El Niño (meaning "Christ child") is a periodic climatic event described by the warming of surface water in the Southwestern Pacific and weakening or reversal of equatorial trade winds. The El Niño-Southern Oscillation (ENSO) is a dominant force that affects global climate patterns. It is especially pronounced in the central and eastern equatorial Pacific regions of South America and Australia. ENSO events occur, on average, every two to seven years. These events are highly variable both in frequency and intensity, however, and their origins are still unknown to science.

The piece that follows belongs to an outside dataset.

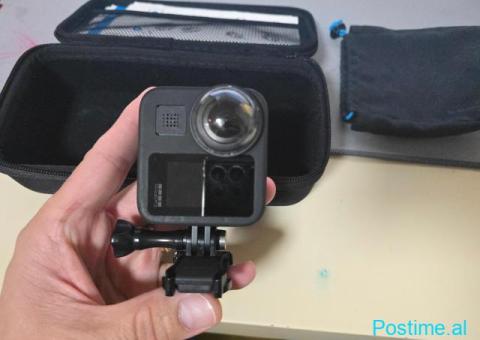 GoPro Max 360 grade - 3/4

During ENSO events, the classic Walker Cell either weakens or reverses, which leads to warm water propagating across the Pacific. This warm, low pressure system rises in the Eastern Pacific, which brings increased rain and flooding to Chile and Peru. Along the coast of South America, there is reduced nutrient upwelling. The colder, nutrient rich water does not rise to the surface, which leads to fishery collapse.
Across the Pacific Ocean, in Australia, the opposite processes occur. Descending low pressure systems led to a reduction in precipitation. This places Australia at risk for both drought and forest fires. Drought conditions in Asia have led to sever famine in China and India over the past few centuries.
Often increased precipitation, flooding, and weakening of trade winds are typical patterns for an El Niño event. With the warming of the sea surface temperatures and slowing of trade winds, fisheries start to collapse, and there is a positive feedback of other ecosystems failing. El Niño events have increased dramatically over the past 50 years and it is believed to be induced by anthropogenic factors.